The Art of the Islamic World follows the well-worn pattern of those TV shows where the talking heads are well-lit and their comments are so manicured and succinct as to be almost vapid. Interspersed with these sound-bites about Islamic art and religion are glorious pans across the surface of buildings, ceramic objects, panels of mosaic tiles, and beautifully wrought sacred texts.

Five themes—Word, Space, Ornament, Color and Water—serve as a framework for the exposition, though the underlying message is that Islamic art draws on an extraordinary range of cultures, from Sudano-Sahelian architectural forms to Chinese and Indian motifs. The most engaging interviewee is a bearded, burly gentleman from California who converted to Islam, became a master-calligrapher, and then went to Turkey to learn the art all over again from local masters. Segments on the Great Mosque of Djenné in Mali (the largest mud brick building in the world), the Taj Majal, and the Alhambra were also interesting, though I left the theater with the feeling that by focusing on those elements of Islamic art that have “universal” appeal, some of the more idiosyncratic and compelling pieces might have been left behind.

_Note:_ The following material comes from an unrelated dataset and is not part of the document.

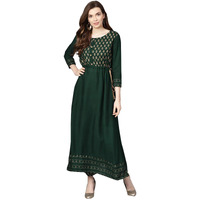 Ishin Women's Viscose Rayon Green Printed Anarkali Kurta Suit Set With Palazzos Nwkp-0227_Xxl_Green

Restoration is a brilliantly quiet Israeli film about a furniture restorer named Fidelman, his son Noah, his son’s pregnant wife, and a stranger he hires to work in the workshop. A few minutes into the film Malamud, Fidelman’s partner for forty years, dies, but his outsized character haunts the tale. It was Malamud who took on Fidelman as a partner, Malamud who kept the business solvent, secured the loans, kept clients happy. As the film develops, we begin to suspect that the shadow Malamud casts over Fidelman’s family is event longer than that.

Fidelman is an extraordinary craftsman but he’s a taciturn, sour-faced man in a dying business. Noah wants him to build apartments on the property and make some money. (Strangely, Malamud willed the site to Noah himself, rather than his father). But Fidelman, who can’t imagine any other life than the one he has, wants to keep the shop open and take out yet another loan.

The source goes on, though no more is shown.